The McGill University Law School has organized a memorial event to remember Blaine Baker at McGill’s Birks Heritage Chapel, 3520 University Street, Montreal, on Friday 7 September at 2 p.m.

Before anyone asks me about Toronto, I have no details about that at this time.

Saturday, July 21, 2018

Moyse, Colonial Copyright Redux: 1709 vs. 1832

Via Dan Ernst at the Legal History Blog, who always seems to get these bulletins before I do:

Pierre-Emmanuel Moyse, McGill University, Faculty of Law, has posted Colonial Copyright Redux: 1709 vs. 1832 on SSRN.:
The study of colonialism shows us that the law often serves the needs and interests of both the Imperial power and the subjugated country. Concessions are necessary to rule a conquered population. In order to understand Canadian law and the measure of Imperial influence, one must understand the dialogue between the various legal traditions.

This essay will examine legal transplants in a historical and colonial context. It will begin with a brief review of Canadian history in order to understand the evolution of Canadian copyright law. It will focus on the creation and significance of Canada’s first copyright legislation. Using the Statute of Anne as a reference point, this essay will describe the evolution of Canadian copyright law on its journey to self-determination during the 18th and 19th centuries. More specifically, this essay will explore the influence of the 1709 Statute of Anne on the 1832 colonial Acte pour protéger la propriété intellectuelle.
It will argue that the influence of the Statute of Anne as an expression of the Canadianess of Canadian copyright policy is not to be found in the text of 1832. It can be found in the small prints of the numerous bills and amendments proposed to the English Parliament, in those provisions buried in the text which triggered an open war between Canadian, American and English publishers and stigmatized by the 1847 Foreign Reprints Act. It is in the context of the 1847 piece that the influence of the Statue of Anne and its monopolistic or imperialistic effects can be fully grasped

Friday, July 20, 2018

Canadian Legal History for Kids! Meet Viola Desmond by Elizabeth MacLeod for Scholastic

Scholastic Canada Biography: Meet Viola Desmond

Canadian Legal History for Kids! Meet Viola Desmond by Elizabeth MacLeod, published by Scholastic Canada.
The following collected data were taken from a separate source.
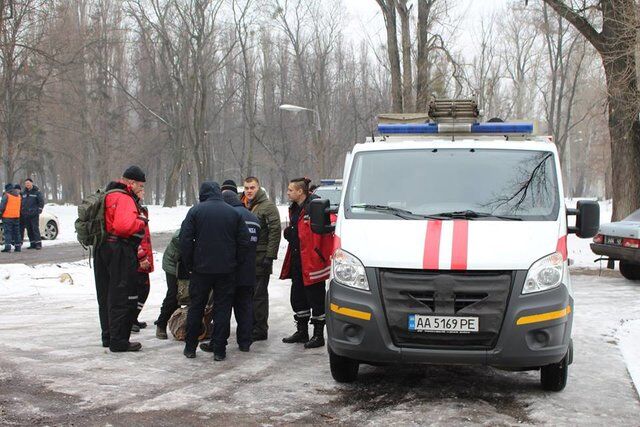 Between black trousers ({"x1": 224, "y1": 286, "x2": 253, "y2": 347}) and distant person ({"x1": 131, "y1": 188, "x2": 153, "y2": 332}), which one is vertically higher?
distant person ({"x1": 131, "y1": 188, "x2": 153, "y2": 332})

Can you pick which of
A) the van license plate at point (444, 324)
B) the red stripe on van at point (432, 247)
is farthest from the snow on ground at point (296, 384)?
the red stripe on van at point (432, 247)

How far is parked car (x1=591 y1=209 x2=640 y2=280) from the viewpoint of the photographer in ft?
42.0

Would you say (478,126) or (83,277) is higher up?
(478,126)

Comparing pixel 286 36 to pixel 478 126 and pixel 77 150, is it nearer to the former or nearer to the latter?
pixel 77 150

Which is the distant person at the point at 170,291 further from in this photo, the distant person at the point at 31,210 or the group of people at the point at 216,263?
the distant person at the point at 31,210

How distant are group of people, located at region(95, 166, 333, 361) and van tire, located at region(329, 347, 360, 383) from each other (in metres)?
1.52

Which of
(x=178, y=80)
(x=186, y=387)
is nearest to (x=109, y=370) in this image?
(x=186, y=387)

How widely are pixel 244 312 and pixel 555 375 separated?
3334mm

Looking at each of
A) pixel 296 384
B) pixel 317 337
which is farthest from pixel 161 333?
pixel 296 384

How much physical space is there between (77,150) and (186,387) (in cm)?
5175

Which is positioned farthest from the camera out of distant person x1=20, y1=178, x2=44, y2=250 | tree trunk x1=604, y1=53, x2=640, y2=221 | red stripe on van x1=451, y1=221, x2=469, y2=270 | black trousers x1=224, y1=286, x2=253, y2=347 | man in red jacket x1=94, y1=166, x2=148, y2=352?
distant person x1=20, y1=178, x2=44, y2=250

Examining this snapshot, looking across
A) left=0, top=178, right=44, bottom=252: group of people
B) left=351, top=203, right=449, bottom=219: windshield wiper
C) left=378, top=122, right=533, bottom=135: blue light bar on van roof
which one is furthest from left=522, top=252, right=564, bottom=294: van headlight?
left=0, top=178, right=44, bottom=252: group of people

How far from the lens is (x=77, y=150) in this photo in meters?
54.4

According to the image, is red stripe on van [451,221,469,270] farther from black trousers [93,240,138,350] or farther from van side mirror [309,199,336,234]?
black trousers [93,240,138,350] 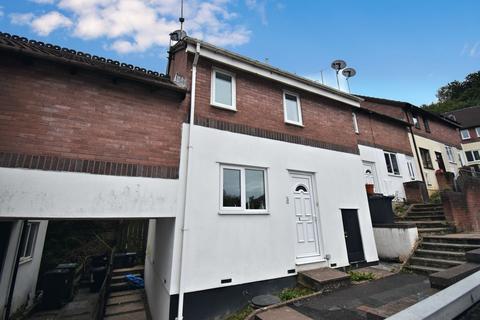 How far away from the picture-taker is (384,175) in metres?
13.4

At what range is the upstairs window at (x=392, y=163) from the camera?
14.2m

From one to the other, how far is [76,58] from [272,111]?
18.1 ft

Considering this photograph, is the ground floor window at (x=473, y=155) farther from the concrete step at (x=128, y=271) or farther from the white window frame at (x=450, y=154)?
the concrete step at (x=128, y=271)

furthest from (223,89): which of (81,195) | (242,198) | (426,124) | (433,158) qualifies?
(426,124)

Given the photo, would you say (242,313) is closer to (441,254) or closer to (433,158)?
(441,254)

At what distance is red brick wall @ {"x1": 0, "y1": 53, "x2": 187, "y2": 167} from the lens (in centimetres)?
446

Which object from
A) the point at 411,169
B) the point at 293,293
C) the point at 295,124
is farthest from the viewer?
the point at 411,169

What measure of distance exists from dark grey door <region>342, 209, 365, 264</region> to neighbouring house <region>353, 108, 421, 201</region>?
214 inches

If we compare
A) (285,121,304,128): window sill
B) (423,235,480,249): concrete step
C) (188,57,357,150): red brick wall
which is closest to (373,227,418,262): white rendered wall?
(423,235,480,249): concrete step

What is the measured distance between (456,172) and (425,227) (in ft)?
45.6

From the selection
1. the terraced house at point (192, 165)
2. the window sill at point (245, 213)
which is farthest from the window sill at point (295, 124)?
the window sill at point (245, 213)

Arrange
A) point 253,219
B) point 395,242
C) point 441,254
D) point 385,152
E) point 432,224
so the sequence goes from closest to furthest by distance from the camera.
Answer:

Hat tip to David Steeves, who recently bought this for his son Daniel.

Any other legal histories for kids anyone knows about?

Friday, July 13, 2018

G. Blaine Baker

The Osgoode Society is profoundly saddened to announce the recent sudden death of G. Blaine Baker. A wonderful historian, teacher and friend. No funeral details as yet.

Thursday, July 12, 2018

New from UTP: Campbell, Miscarriages of Justice in Canada

Looks like there is some legal history in this new book from U of T press by Kathryn M. Campbell:

Miscarriages of Justice in CanadaMiscarriages of Justice in Canada:Causes, Responses, Remedies

Innocent people are regularly convicted of crimes they did not commit. A number of systemic factors have been found to contribute to wrongful convictions, including eyewitness misidentification, false confessions, informant testimony, official misconduct, and faulty forensic evidence. 

In Miscarriages of Justice in Canada, Kathryn M. Campbell offers an extensive overview of wrongful convictions, bringing together current sociological, criminological, and legal research, as well as current case-law examples. For the first time, information on all known and suspected cases of wrongful conviction in Canada is included and interspersed with discussions of how wrongful convictions happen, how existing remedies to rectify them are inadequate, and how those who have been victimized by these errors are rarely compensated. Campbell reveals that the causes of wrongful convictions are, in fact, avoidable, and that those in the criminal justice system must exercise greater vigilance and openness to the possibility of error if the problem of wrongful conviction is to be resolved.